No recommendations on getting college credit but I would recommend working on a conference paper/presentation in a topic that interests you. You've already got a STEM PhD and it's not at all uncommon to change ones focus and build credibility to other fields such as economics or business. This gets you "credit" in the field but not exactly what in the manner you were seeking. Disregard if part of your motivation is to actually pursue another degree at some point (even then being published in the field would help with any future school applications).

Sent from my iPhone using Tapatalk

Can I ask for a name of a conference you

Hm... Interesting. Have you done this? Do you know someone who did it? Would it make sense for someone who's working at college level to present at a conference? I imagine that would need to be original work, which would be hard to pull off with incomplete knowledge. Or do I think too much inside the science box, and the world is different outside?

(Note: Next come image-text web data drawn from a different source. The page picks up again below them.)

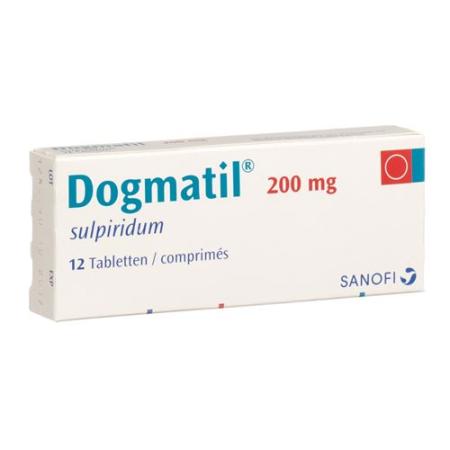 Dogmatil Tabl 200 mg 12 pcs - PrimeCare Global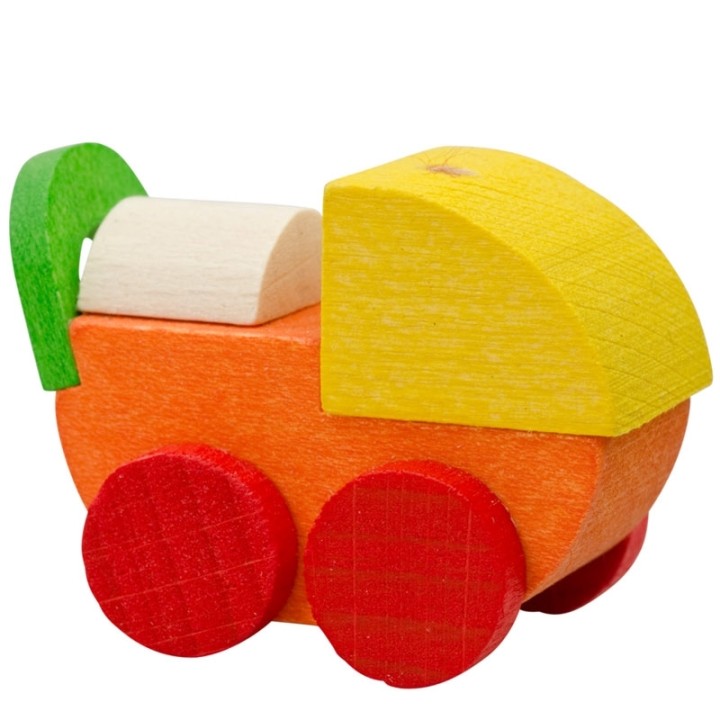 Déco Noël enfant, landau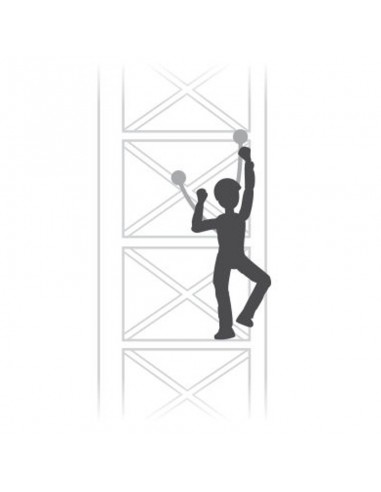 Absorbica en y de 150cm con conectores MGO de Petzl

Yes but I've stuck to my general area of expertise; however, there are usually plenty of less experienced people participating. I also know multiple Physics PhDs that do economics, for example.

That's why I suggested conference instead of journal. Conference papers are relatively easy to put together with a much lower bar. Depending on the field, it might cost a few hundred $$ to attend + travel. You can meet others with similar interests and you'll give a 30 minute presentation. This tends to work best if you can link your existing knowledge with the new field.

Mainly throwing this out there because you already have a terminal degree and many of the fields that interest you are likely to accept your qualifications as is. In other words, a few college credits aren't going to do much. Becoming known in the domain and making contacts will help a lot more.

Sent from my iPhone using Tapatalk

Can I ask for a name of a conference you have in mind, as an example? I am used to 7-10 min talks, so I'm curious about a field that has 30 min slots. This must be a small gathering, no?

Not in your domain(s) but this is one that I've participated in before: http://aviation.aiaa.org/Program/

It's a small session type conference. Several thousand attend but there are a few dozen papers presented at any one time. I believe it was 20 minutes presentation and up to 10 minutes for Q&A. You could have 10 people or 50 people there for your talk.